Could you retype exactly the lines below between the one holding "JB9 2컬러 피크닉" and the one holding "2 SAMUEL CAP", inclusive, leaving out any pictures?

§ SUPPLIED INFORMATION
☆ ☆ ☆ ☆

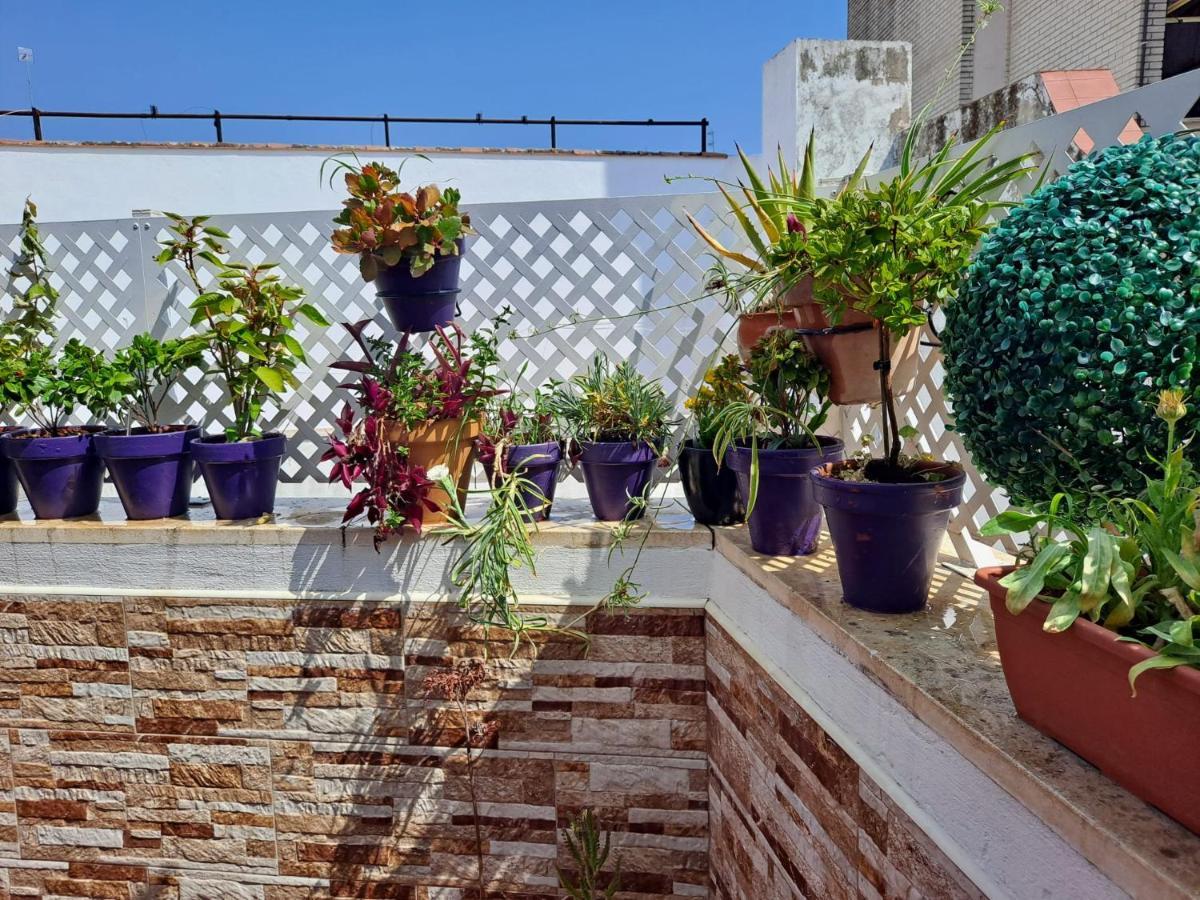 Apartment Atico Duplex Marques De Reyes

☆ ☆ ☆ ☆

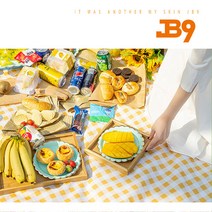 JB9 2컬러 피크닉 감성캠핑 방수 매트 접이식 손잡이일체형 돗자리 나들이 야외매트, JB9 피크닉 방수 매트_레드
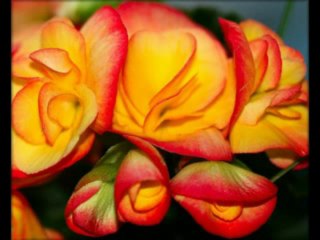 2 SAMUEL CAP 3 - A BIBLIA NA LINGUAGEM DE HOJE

☆ ☆ ☆ ☆

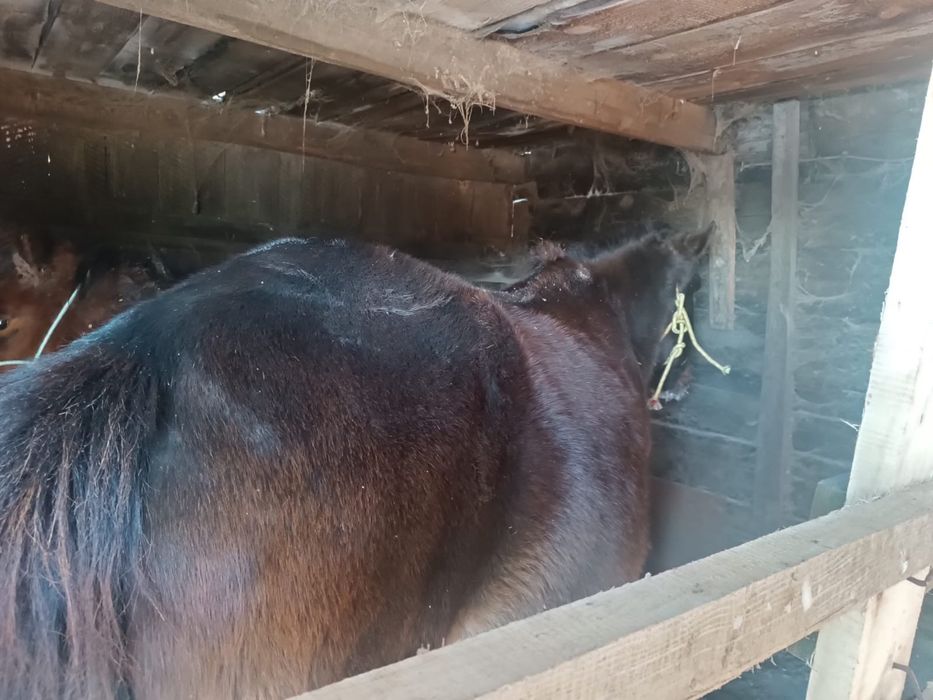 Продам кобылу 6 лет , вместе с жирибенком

☆ ☆ ☆ ☆

§ RESPONSE
 JB9 2컬러 피크닉 감성캠핑 방수 매트 접이식 손잡이일체형 돗자리 나들이 야외매트, JB9 피크닉 방수 매트_레드
 2 SAMUEL CAP 3 - A BIBLIA NA LINGUAGEM DE HOJE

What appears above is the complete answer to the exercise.